When I was laying in bed watching the Bottum Line on ESPN2 and this went across the screen...Leys just say Ive never woken up quicker in my life. I was PISSED! Then after thinking about it, This has to be one of the biggest steals in years. Its not like LaFoulz was doing anything for us.

Nash-Best-Delk
Finley-Delk-Howard
Dirk-Jamison-Najera
Walker-Jamison-Dirk-Fortson-Najera
Fortson-Bradley-Dirk


There is nothing negative you can honestly say about this squad. Defense is not gonna be as big as an isuue is everyone lets on and Rebounding is way better with this line up.

I said it once and Ill say it again:

WE WILL WIN THE CHAMPIONSHIP THIS YEAR!!!


----------



## TheRifleman (May 20, 2002)

> Originally posted by <b>Dragnsmke1</b>!
> When I was laying in bed watching the Bottum Line on ESPN2 and this went across the screen...Leys just say Ive never woken up quicker in my life. I was PISSED! Then after thinking about it, This has to be one of the biggest steals in years. Its not like LaFoulz was doing anything for us.
> 
> Nash-Best-Delk
> ...


Man - that would be soooooo nice, as Mavericks, world champions has a nice ring to it.

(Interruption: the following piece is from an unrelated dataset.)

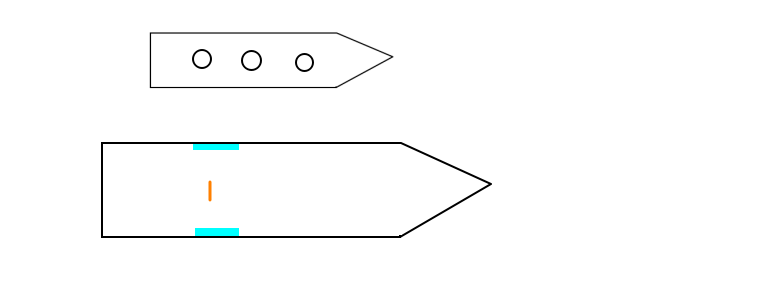 Один корабль в разрезе. Вправо - это "вперед", вверх - это вверх.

BTW, Walker is great at rotations on defense, as is Delk. I think with Fortson and these 2 new guys, the mavs have a legit chance at that trophy.


----------



## Mavs Dude (Jul 20, 2003)

> Originally posted by <b>ThereisnoIinteam3</b>!
> I have read a lot of quotes on this board and while everything has been pretty positive so far I hope you all give Antoine a chance to learn your teams offense and don't start throwing him to the wolves at the first sign of trouble.
> 
> I don't know anything about the Mavericks. I have only seen them a few times. What I have heard is they don't play defense and score a lot of points.
> ...


I think us Mavs fans will welcome him with open arms. To me he is last peice of the Championship puzzle.


----------